With regard to employees returning to Israel it was determined that realization will be on the date the option is converted into a share and on this day the employee will be charged with the marginal tax, as salary\business income. In this case, the “Israeli profit” (part of profit from day of return until end of vesting period) will be taxed as stated above; in other words, with no reliefs including foreign tax credits.
It looks as though the “remaining profit” in this case of employees returning to Israel (part of profit from day of grant to day of return) will be taxed in Israel according to the aforementioned while crediting for foreign taxes. The question here is, does this also apply to those who were foreign residents on the day the options were granted? If so, this means that there has been a change in the policy of the Tax Authority with regard to taxing profit from options produced abroad by a resident returning abroad by a resident returning to Israel, if realization was made when he was an Israeli resident. This position is in line with the tax ruling recently published on the matter of returning residents receiving salary differentials and bonuses, and classifying them as taxable income since they are taxed on a cash basis.

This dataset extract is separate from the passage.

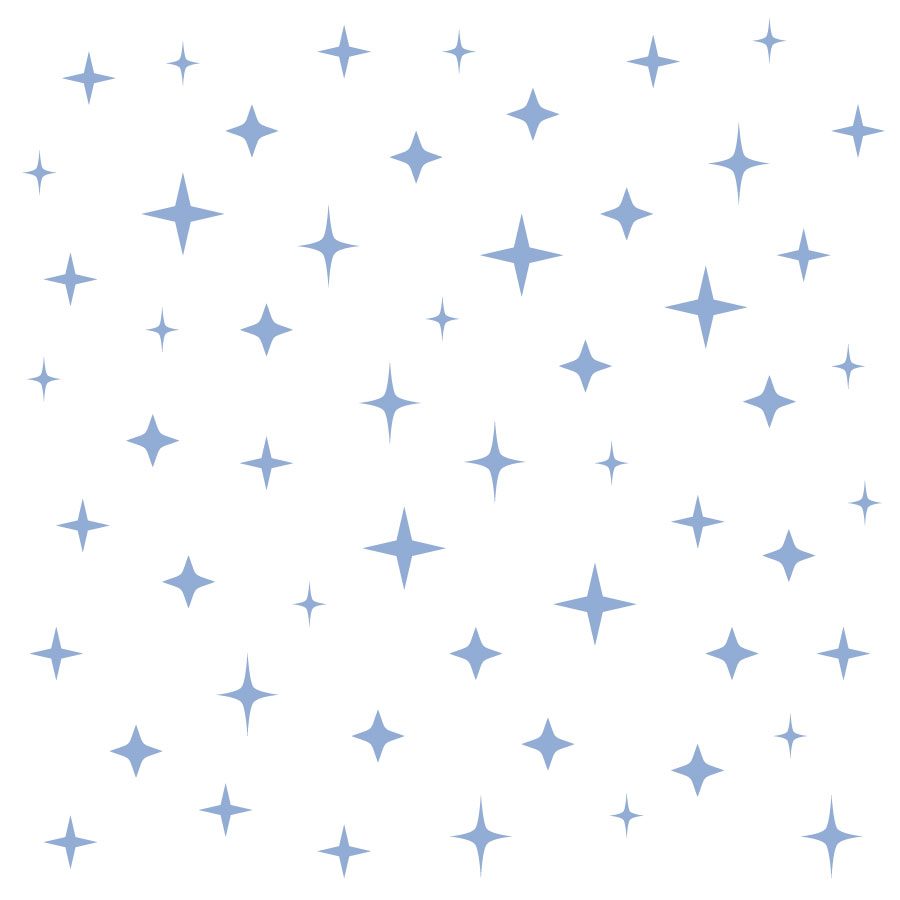 blue star wall stickers space on white background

Nevertheless, this position of the tax ruling is not clear and, in any case, it was explicitly clarified within the tax ruling that this relates to liability for deduction at source applying to the trustee, assuming that the relocated employee is an Israeli residents; however, this does not relate to determining an employee’s final tax liability, who can as stated make other claims as part of returns filed by him.
A tax ruling has been published recently on transfer of shares of an Israeli company as a gift to a relative, before being sold by that relative. The tax ruling raises several interesting issues in connection with determining the original price and the date of purchase, eligibility of new immigrants for exemption and a step-up arrangement for receipt of a gift from a foreign resident.
A brief summary of the case: A foreign resident (“the foreign father”) holding shares of an Israeli company (purchased by him in 2012) wishes to transfer them as a gift to his son, an Israeli resident (“the Israeli son”) with “new immigrant” status (as of 2014); the Israeli son will subsequently sell the shares. According to tax law in Israel, as a rule, gifts to family members are not taxable (the recipient enters the shoes of the bequeather); furthermore, foreign residents are exempt from capital gains tax when selling shares of an Israeli company; in addition, new immigrants are exempt from capital gains tax when selling shares of an Israeli company if purchased before immigration to Israel, for the duration of the benefits period (10 years). In the facts of the case it is indeed noted that were the foreign father to sell the shares to the Israeli son, he would be exempt from capital gains tax; however, he would be liable to tax in his country of residence.
Tax Authority’s decision: The Tax Authority analyzes the case and makes its decision as follows:
First, the transfer of shares as a gift is indeed exempt from tax. According to day of purchase and original price as defined in the Ordinance, the Israeli son “enters the shoes” of the foreign father; thus, the date of purchase of the shares by him is 2012, and the original price is what they cost the Israeli father.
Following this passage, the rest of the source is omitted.